Diana Barber retired in January as associate executive for leadership development, and J. Jay Wilkinson will leave at the end of March after helping train the individual filling the synod’s new position of director of financial services.

In practical terms, Barber said, “if it has to do with people, it’s my responsibility.” She was the staffer behind the popular Synod School that runs for a week every summer at Buena Vista College in Storm Lake, Iowa, and worked closely on Christian education and relations with the presbyteries.

Nationally, she said, most programs like Synod School have fallen by the wayside, but “for some reason, Presbyterians in the upper Midwest like to get together.” It’s now the synod’s only big event, drawing about 600 people, including nearly 200 children and youth, to a week of worship, education and fun.

“There are things about work I won’t miss,” from her 31 years with the synod, Barber said, “but I will miss the people. Seeing kids have fun, helping adults become more effective leaders—that’s what encourages me.”

Over the years, as staff and congregations have shrunk, programming has also diminished, but Barber said that the synod now does less “think of something and assume that they want it,” and more helping presbyteries respond to congregational requests.

“It used to be that everyone looked to the next level to lead,” Barber said. “Not now. If the larger church is going to continue, it’ll be because we figured out a new way to focus on congregations.” The silver lining to having fewer resources, she said, is that “we look again at what’s really important, and what makes us church as opposed to an institution.” 

She spent time in several mainline Protestant denominations in her youth, but as an adult “came to understand what it really means to be Presbyterian. There’s no ‘bishop;’ we don’t make decisions by ourselves; our leadership is in the group. There’s something about all that that I resonate with.”

Wilkinson came to the synod in 1994, after growing dissatisfied with his work as vice president of finance for a corrugated box company in Appleton, Wis.
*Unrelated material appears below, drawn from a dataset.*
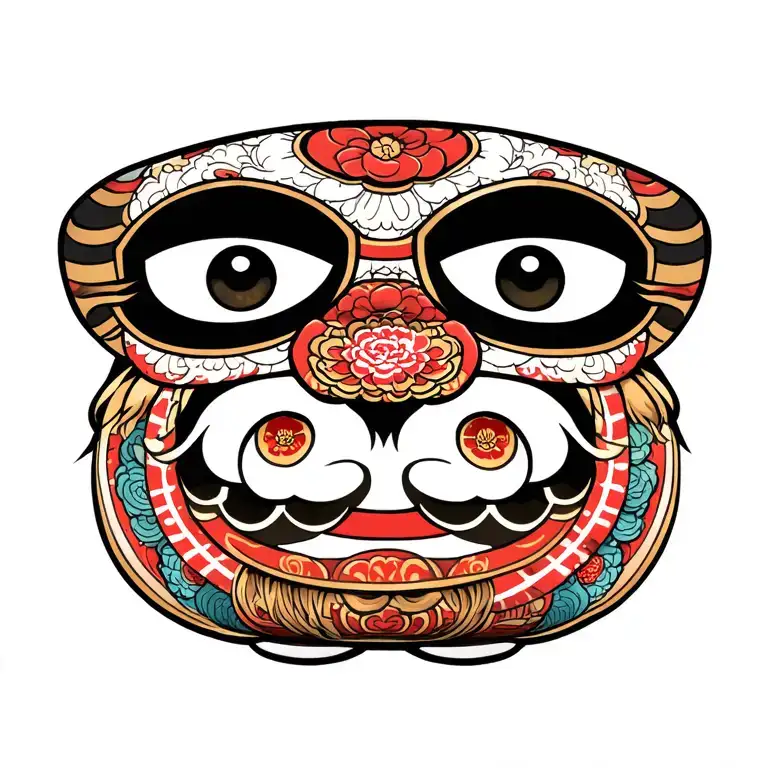Daruma Doll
He realized he had to do something different, and the transition to the nonprofit world was easier than he expected. “I’d like to think the Holy Spirit had something to do with it, convincing me that a lower salary was something I could deal with,” he said. “I don’t think I ever wished I hadn’t made the move.”
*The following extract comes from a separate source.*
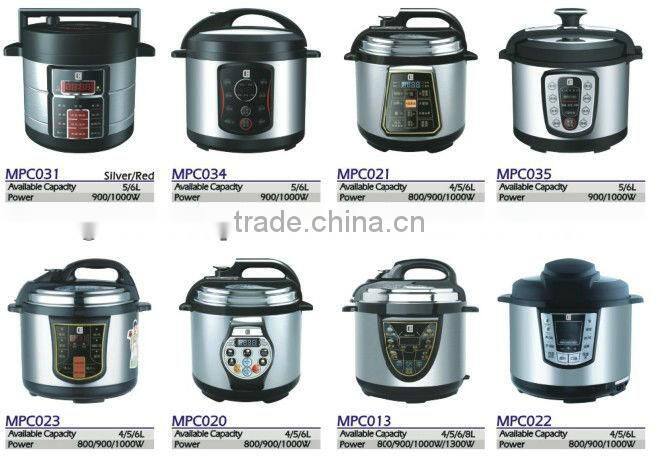 oval deluxe multi electric pressure cooker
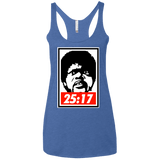 T-Shirts Vintage Royal / X-Small Ezekiel rules Women's Triblend Racerback Tank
As treasurer, Wilkinson has handled all of the synod’s money matters for 22 years, including being the staff liaison for the committee that makes loans to churches for capital projects. Up to 90 percent of the synod’s $5.5 million loan fund is loaned out at any given time, with priority going to churches that would not qualify for a bank loan. He also provides payroll services for 15 of the synod’s 16 presbyteries, and bookkeeping services for nine.

About 10 years ago, he also took over the position of stated clerk, because, as he remembers it, the synod executive said, “I have it on good authority that you’re not busy between midnight and 6 a.m.” In that role, he serves as corporate secretary, offers advice on the church constitution and manages the judicial process.

Looking back, both retirees are struck by the decline in synod staff and programming, a reflection of the membership losses of the national church. The office in the Twin Cities now has seven people, instead of 17 when Wilkinson came aboard in 1994. “The church will last through my lifetime,” Wilkinson said, “but I’m concerned for the next 100 years.”

The two departures will mean a loss of institutional memory, said synod executive Elona Street-Stewart. Because of the various roles they have played in the national church, “people know them wherever you go. They’re like an index—you go to Jay or Diana to figure out what you need.” At the synod, she said, Wilkinson has consistently reminded others that “resources are given to us for work. Our task is not to hold onto them, but to make sure they’re distributed in a way that follows the mission.”

Barber plans to travel, visit family, and volunteer. “My life has been so immersed in church,” she said. “I’m looking forward to meeting people I didn’t meet in church.”

Wilkinson and his wife, Kathie, will spend time with their three children and seven grandchildren. As for other activities, “I’m waiting for the Holy Spirit to lead me,” he said. “I don’t plan on sitting in a rocking chair.”